Capacitation is responsible for the hyperactivated motility pattern, which leads to the wider and stronger beats of the tail to enhance motility.
The Acrosome Reaction
The sperm must penetrate through two layers of the ovum to fertilise it, these include the cumulus cells with their extracellular matrix and the zona pellucida. Sperm motility is important here to allow them to wriggle through the cumulus layer to reach the zona pellucida. The zona layer consists of 3 glycoproteins – ZP1, ZP2 and ZP3. ZP1 is mainly structural but ZP3 is a Ligand for the attachment of sperm and is species specific. Sperm develop a receptor for ZP3 as they mature in the male seminiferous tubules. The attachment of the sperm ZP3 receptor to the zona Ligand is responsible for the triggering of the acrosome reaction (in capacitated sperm). It is possible for non-capacitated sperm to attach but the acrosome reaction will not be induced.
Stimulation of the acrosome reaction requires an increase in intracellular Ca2+ that is induced by an ionophore – promoting rapid transport of Ca across the plasma membrane into the cell. The acrosome of the sperm cell swells and the membrane fuses with the over-lying plasma membrane. Vesicles are formed, which is followed by the removal of the outer membrane. Intracellular Ca and cyclic AMP levels increase.
After the acrosome reaction, binding of ZP2 receptors on the now exposed inner acrosome layer is essential to hold the oocyte and sperm together. The sperm is then able to work its way through the zona layer, with the aid of a digestive enzyme acrosin as well as its motility.
- Sperm reaches oocyte and releases hyaluronidase to digest hyaluronic acid rich cumulus cells
- The enzyme acrosin is able to digest zona layers and membranes of the oocyte
- Sperm cell membrane fuses with the egg cell membrane
- Contents of the acrosome head are released into the egg
- ZP3 ligand on the ovum binds to ZP3 receptor on the sperm
- Binding of the ZP3 components releases further enzymes which allow the sperm to fuse with the egg
Sperm and Egg Fusion
Once sperm have made it through the zona layers and into the peri-vitalline space, the sperm head aligns away from the oocyte DNA to avoid complications arising. Sperm movement ceases and microvilli on the surface of the ovum interact with the sperm. This results in a change in electrical charge on the vitalline membrane resulting in hyperpolarisation.
The next steps of fertilisation ensure a diploid nature of the forming embryo and the prevention of polyspermy or meiosis.
Immediately after sperm and egg fusion intracellular Ca levels rise dramatically.

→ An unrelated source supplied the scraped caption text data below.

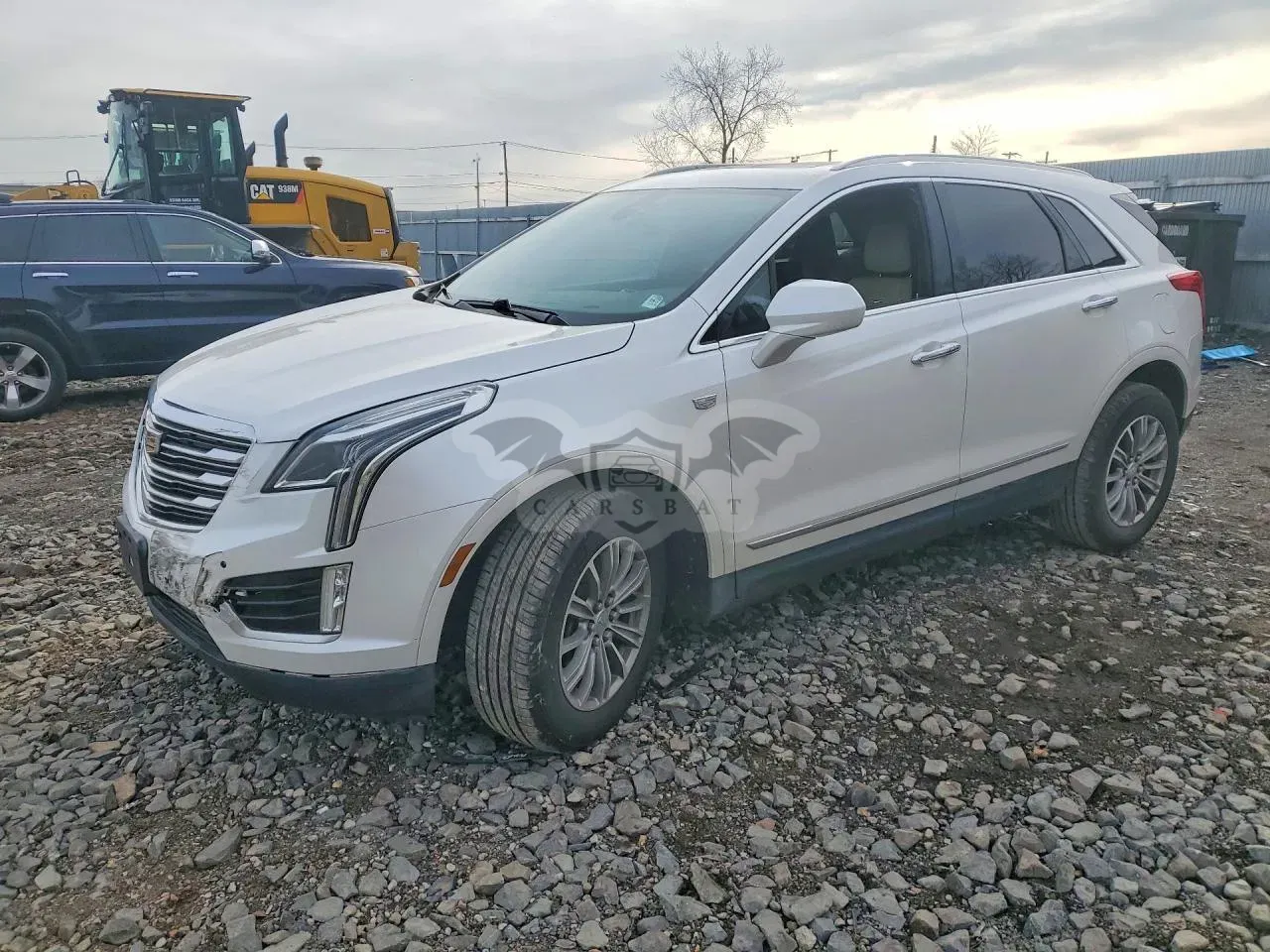 Cadillac XT5 3.6L 6 2018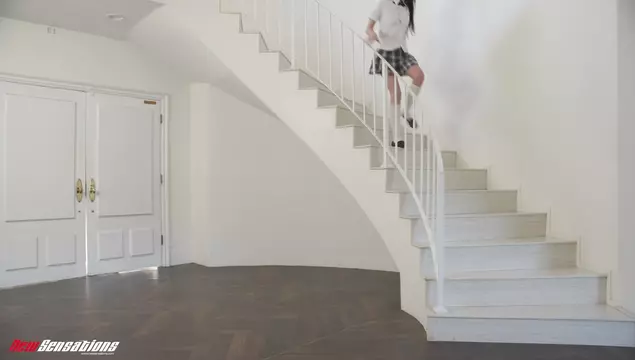 Жесткий секс с оргазмом и сквиртом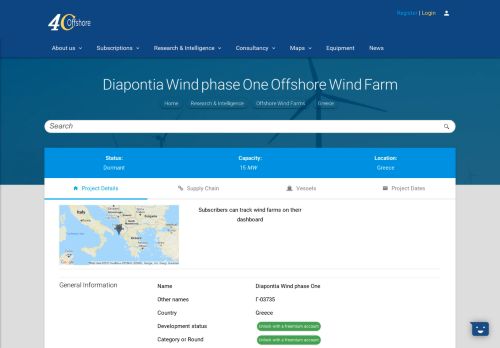 
                            11. Diapontia Wind phase One - 4C Offshore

This causes cortical granules to release their contents into the peri-vitalline space that disrupts the ZP receptors and prevents further binding by any other sperm. The increased Ca also activates secondary oocyte meiotic division.
Sperm head proteins decondense and a few hours after fusion, membranes form around each set of gamete haploid DNA to form two pronuclei. The pronuclei approach each other, the nuclear envelopes disappear and the two chromosome sets aggregate in prophase – this completes the process of fertilisation as the zygote can now begin mitotic division.
The majority of zygote cytoplasm comes from the oocyte and so even after vesicle membrane breakdown oocyte DNA dominates. Successful fertilisation requires the correct formation of proteins from the oocyte, most of which would have formed when the oocyte was still in the follicle – correct follicular growth is therefore important for successful fertilisation.
Mitosis of the zygote continues – cell cleavage results in the formation of blastomeres that are large cells. When the zygote is 8-cells large, the embryonic genome becomes active and it begins to synthesise its own ribosomal RNA. It is believed that cell differentiation occurs at the 8 cell stage as well, because separation of the cells at the 4 cell stage will result in 4 identical offspring, however separation at the 8 cell stage only results in a maximum of 5 identical offspring.
The zygote arrives in the uterus in the morulla or blastocyst stage still in the zona.